Я стою красная, будто кипятком меня ошпарили. Это ж надо было влипнуть в такую историю! И что обо мне мама и папа подумают?!

– Я ничего не крала, – говорю сквозь слезы.

– А что ты тогда с ним делала? – не успокаивается младший.

– Я… Я его… Лизнула, – признаюсь.



– И как? Вкусно? – глазки у брата сразу заблестели.

– Хочешь попробовать?

– Еще бы!

– Тогда пообещай, что никому не скажешь, – говорю, а сама держу кусочек сала перед самым его носом, чтобы подразнить.

– Никому! – клянется Сашко, не сводя глаз с кусочка.

Я протянула руку, а он, как щенок, начал вылизывать этот кусочек: быстро-быстро, да еще и со всех сторон.

– Э, нет! Так мы не договаривались! – я поднимаю руку повыше, чтобы сало оказалось на безопасном расстоянии. – Так ты его все слижешь!

– А завтра еще полижем? – с сожалением спрашивает брат, не в силах отвести взгляд от кусочка.

– Посмотрим, как ты умеешь держать язык за зубами, – отвечаю я и на правах старшей сестры водворяю сало на место.

Наверно, с неделю мы с ним тайно лизали по очереди этот кусочек. А потом Сашко не удержался. Выхватил его прямо из моих рук и проглотил целиком, как индюк. Я заплакала, сообразив, что теперь наша с ним тайна откроется, а еще хуже то, что теперь не на чем будет жарить оладушки. К тому времени, когда мама вернулась домой, я уже так наревелась, что и говорить не могла, только всхлипывала. И Сашко ей во всем признался. Тогда мама впервые отлупила свое дитя, то есть моего младшего братца. Меня она не ругала, потому что я и без того сама себя измучила.

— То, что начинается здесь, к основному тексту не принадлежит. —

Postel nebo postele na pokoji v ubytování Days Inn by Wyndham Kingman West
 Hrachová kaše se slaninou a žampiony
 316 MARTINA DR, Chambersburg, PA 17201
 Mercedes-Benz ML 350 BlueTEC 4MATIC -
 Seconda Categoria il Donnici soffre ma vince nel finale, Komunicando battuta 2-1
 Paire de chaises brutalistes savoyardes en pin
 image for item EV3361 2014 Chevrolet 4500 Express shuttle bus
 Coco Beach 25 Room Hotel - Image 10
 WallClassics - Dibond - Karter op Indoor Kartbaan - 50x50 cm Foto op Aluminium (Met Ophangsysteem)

А когда пришел папа, мы уже втроем сидели на лавке и горько плакали над тем кусочком сала, которого больше не было.

– Что случилось? – взволнованно спросил отец.

– И что это за жизнь, когда никакого просвета не видно? – все еще плача, сказала мать, а затем рассказала о происшествии.

– Ничего, дорогие мои, – потрепал нас по головкам отец. – Не весь же век мы будем бедовать!

– А сейчас чем мне сковороду подмазывать? – спросила мать, утирая слезы.

– Завтра похожу по селу, – ответил отец. – Может, даст кто-нибудь кусочек сала в долг.

Он действительно где-то раздобыл кусочек сала, а я больше никогда в своей жизни не брала чужого.

Частенько мы ходили за село собирать щавель. Он еще только пробивается из земли первыми робкими листочками, а мы его уже весь повыщипали. Однажды Валя предложила пойти и нарвать щавеля на кладбище.

– Там нельзя рвать, – сказала я ей.

– Почему?

– Мама говорит, что с кладбища ничего нельзя есть, – пояснила я.